Um das grandes evoluções do Direito de Família foi, em processos de disputa pela guarda de filhos, passar a se preocupar com o bem estar da criança em vez de com o direito dos pais. Assim, a disputa dos adultos passou a ser analisada quanto ao exercício das funções parentais. No entanto, chegou ao Conselho Nacional de Justiça o caso de uma desembargadora do Rio de Janeiro que parece seguir o caminho inverso.

Uma oitiva informal de um menino rendeu dois procedimentos disciplinares e um pedido de suspeição contra a desembargadora Lúcia Maria Miguel da Silva Lima, da 12ª Câmara Cível do Tribunal de Justiça. Ela é acusada de pressionar um menino, que diz ser maltratado pelo padrasto, a voltar a conviver com a mãe — que, ainda segundo a criança, acobertava os maus-tratos.Oitiva foi gravada em vídeo pelo garoto cuja guarda era disputada.

A oitiva aconteceu em setembro do ano passado, no gabinete da desembargadora e foi gravada em vídeo pelo próprio garoto, então com 11 anos. A ConJur teve acesso às filmagens com exclusividade.

Os diálogos impressionam. Por exemplo, ao ouvir o relato sobre os maus-tratos sofridos e pelos quais o jovem diz não querer visitar a mãe nem a cada 15 dias, a desembargadora responde que ele “não tem querer” e ameaça, dizendo que a negativa vai gerar consequências ruins para o pai.

O encontro não contou com a participação dos advogados dos pais, de membro do Ministério Público, nem de profissional da equipe multidisciplinar do tribunal, que normalmente acompanham esses casos. Estavam presentes apenas a criança, a desembargadora e uma assessora dela.

O processo teve início depois que o menino, então sob a guarda da mãe, decidiu morar com o pai. Ela fica no Rio de Janeiro, e ele, em São Paulo. A mãe concordou que o jovem ficasse com o pai, mas se arrependeu. Por isso, entrou na Justiça para pedir o retorno dele no início deste ano.

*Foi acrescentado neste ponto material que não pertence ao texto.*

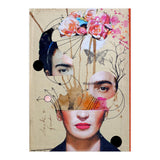 Frida For Beginners (Print Only) thumbnail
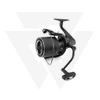 Kép 10/12 - Shimano Távdobó Orsó Aero Technium MgS 14000 XTD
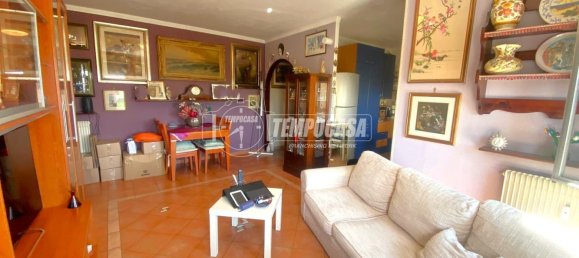 4 rooms Apartment in Rome, Italy No. 298127 28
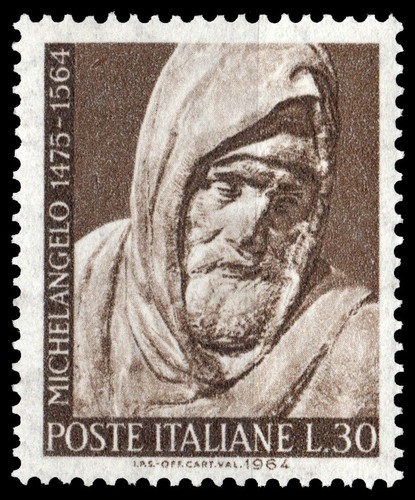 Repubblica 1964 4º - 1964,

A desembargadora pediu para ouvir o menino. O procedimento tem previsão no parágrafo 3º do artigo 161 do Estatuto da Criança e do Adolescente. Segundo o dispositivo, nos pedidos de modificação de guarda, “será obrigatória, desde que possível e razoável, a oitiva da criança ou adolescente, respeitado seu estágio de desenvolvimento e grau de compreensão sobre as implicações da medida”.

Leia os trechos do diálogo:

Menino — Eu não quero vir.

Desembargadora — Pois é, mas acontece o seguinte: você não tem querer.

Menino — Como assim?

Desembargadora — É. Quem tem querer é a sua mãe, que não pode ficar sem ver você. Você não tem saudade dela?

Menino — Eu gostaria muito que ela fosse para São Paulo. Paciência, eu não vou vir pro Rio.

Desembargadora — Não vai vir? Seu pai vai levar uma multa terrível. Duvido que ele não te traga.


Em outro trecho, a assistente da desembargadora questiona o menor se ele aceitaria visitar a mãe se ela se separasse do padrasto. A desembargadora, antes mesmo da resposta, afirma que ele não mudaria de ideia, porque é vítima de alienação parental.